***** DATASET EXTRACT

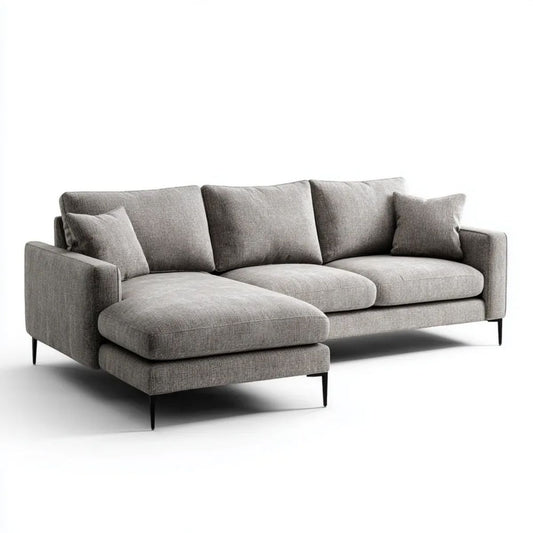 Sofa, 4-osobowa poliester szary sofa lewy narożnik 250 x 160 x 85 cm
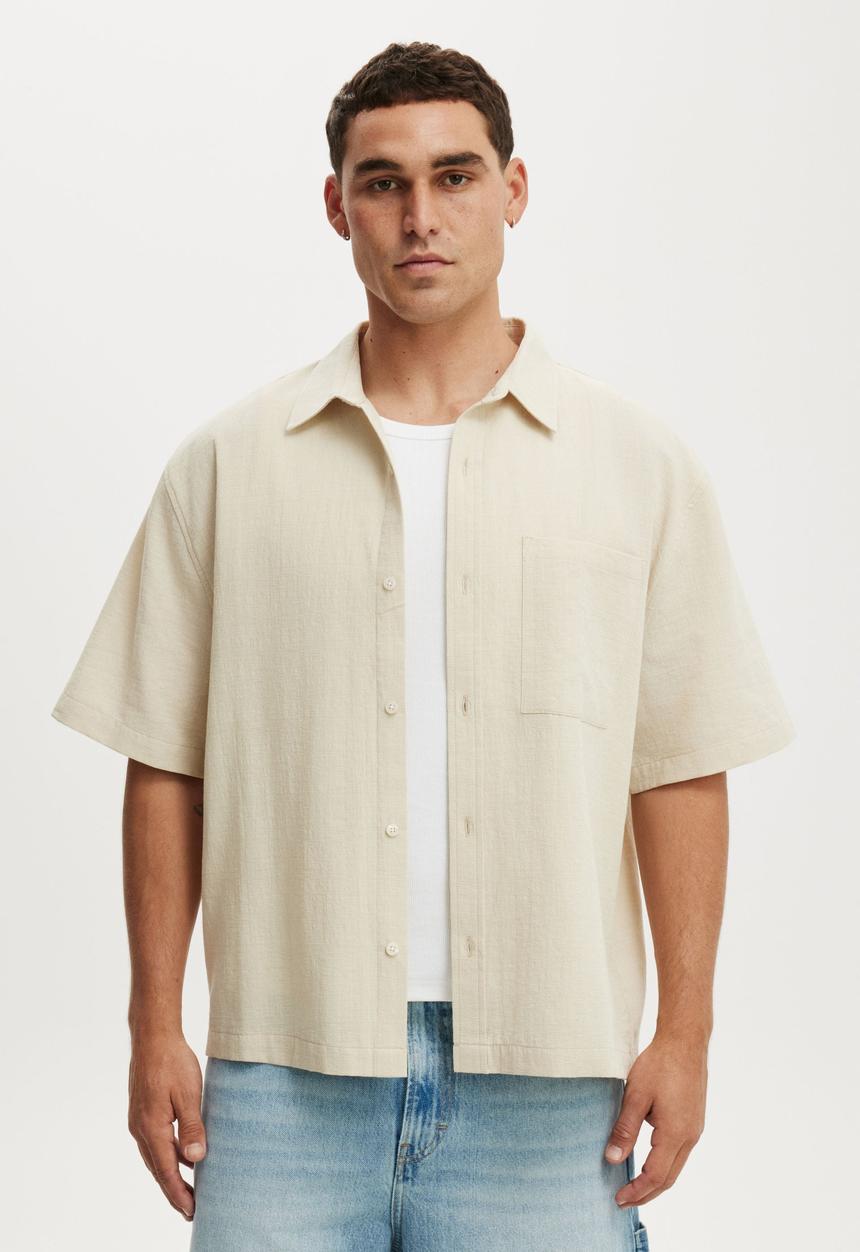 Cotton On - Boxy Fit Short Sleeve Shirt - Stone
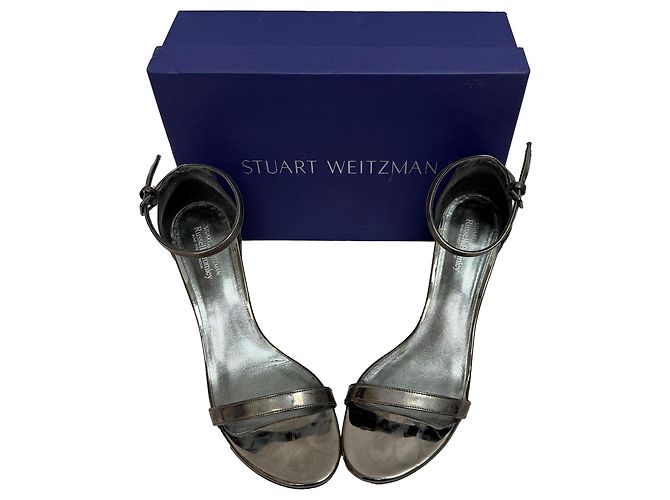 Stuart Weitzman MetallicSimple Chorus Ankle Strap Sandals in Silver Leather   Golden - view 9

**********

Please copy out each line above exactly as written, but not the pictures.

 Sofa, 4-osobowa poliester szary sofa lewy narożnik 250 x 160 x 85 cm
 Cotton On - Boxy Fit Short Sleeve Shirt - Stone
 Stuart Weitzman MetallicSimple Chorus Ankle Strap Sandals in Silver Leather   Golden - view 9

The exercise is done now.